Saatnya Sekolah Tidak Lagi Ragu terhadap Pendidikan Alam
SATYABERITA – Banjir bandang yang melanda sejumlah wilayah di Medan dan Aceh dalam beberapa waktu terakhir kembali mengingatkan publik bahwa krisis lingkungan bukan lagi ancaman abstrak, melainkan realitas sehari-hari. Peristiwa itu tidak dapat dilepaskan dari akumulasi persoalan lingkungan yang berlangsung dalam jangka panjang, seperti rusaknya tutupan lahan, rendahnya kesadaran ekologis, serta minimnya kesiapsiagaan masyarakat. Kondisi inilah yang memperbesar dampak bencana dan menegaskan bahwa persoalan lingkungan bukan semata soal alam, melainkan juga soal karakter manusia. Dalam konteks ini, pendidikan karakter yang menumbuhkan kepedulian terhadap alam menjadi semakin relevan dan mendesak untuk diperkuat sejak di bangku sekolah.

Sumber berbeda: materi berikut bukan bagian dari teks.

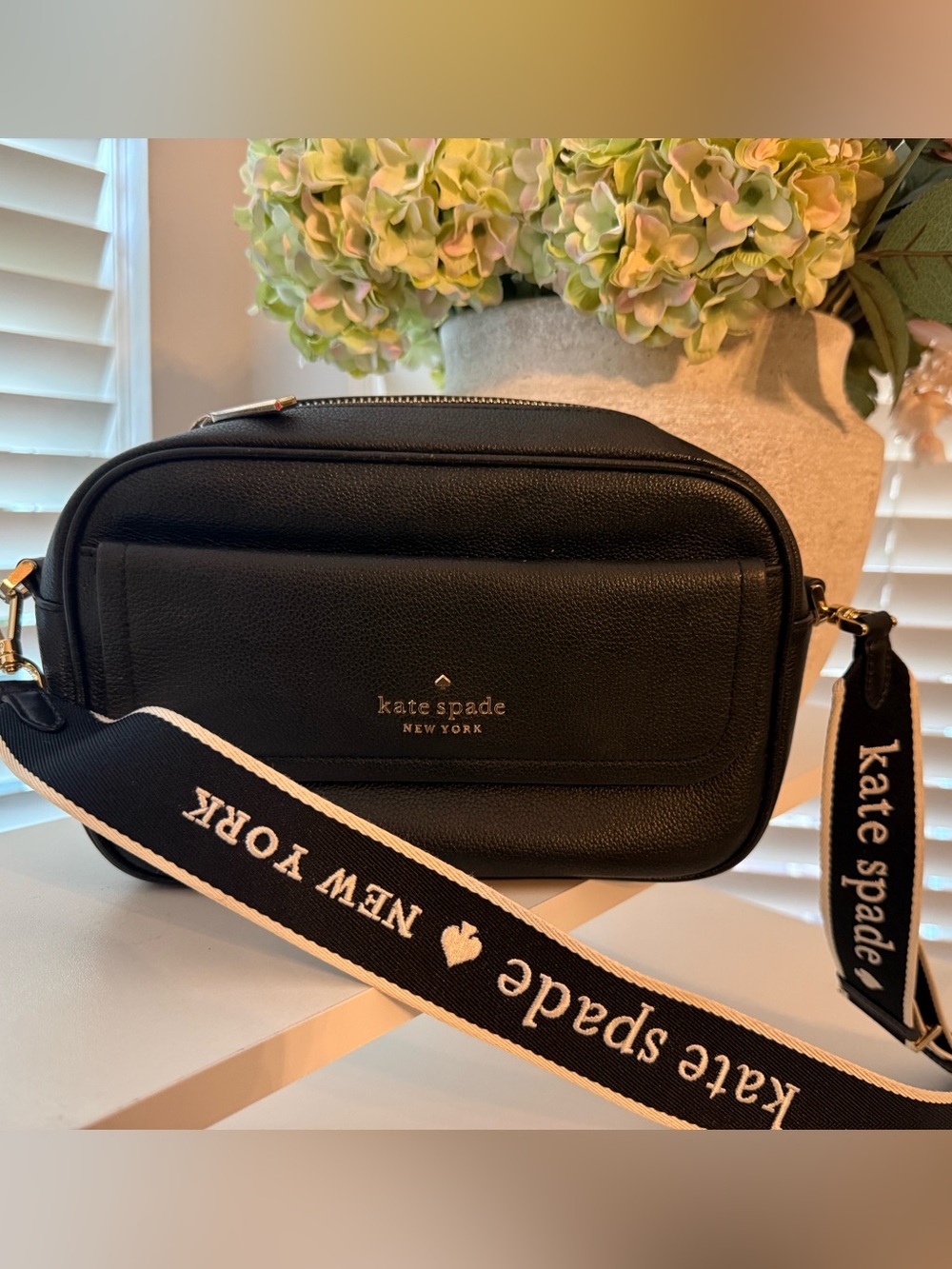 ♠️ Kate Spade saffiano leather crossbody bag with logo webbing strap.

Ironisnya, di tengah meningkatnya ancaman ekologis, sekolah justru kehilangan salah satu ruang pendidikan karakter yang paling dekat dengan isu lingkungan, yakni kegiatan Siswa Pecinta Alam (Sispala). Sejak dibekukan pada 2015, yang hilang bukan sekadar sebuah ekstrakurikuler, tetapi juga ruang pembelajaran yang mengajarkan hubungan langsung antara manusia, alam, dan tanggung jawab sosial. Generasi pelajar kehilangan kesempatan untuk memahami alam bukan hanya sebagai latar belakang wisata, tetapi sebagai sistem kehidupan yang harus dijaga.
Pendidikan sejatinya tidak hanya berbicara tentang capaian akademik dan angka rapor. Ia juga mencakup pembentukan sikap, nilai, dan kepekaan sosial terhadap lingkungan sekitar. Ketika pendidikan karakter dilepaskan dari pengalaman nyata di alam, kesadaran ekologis siswa berisiko tumbuh secara dangkal sekadar slogan tanpa pemahaman mendalam.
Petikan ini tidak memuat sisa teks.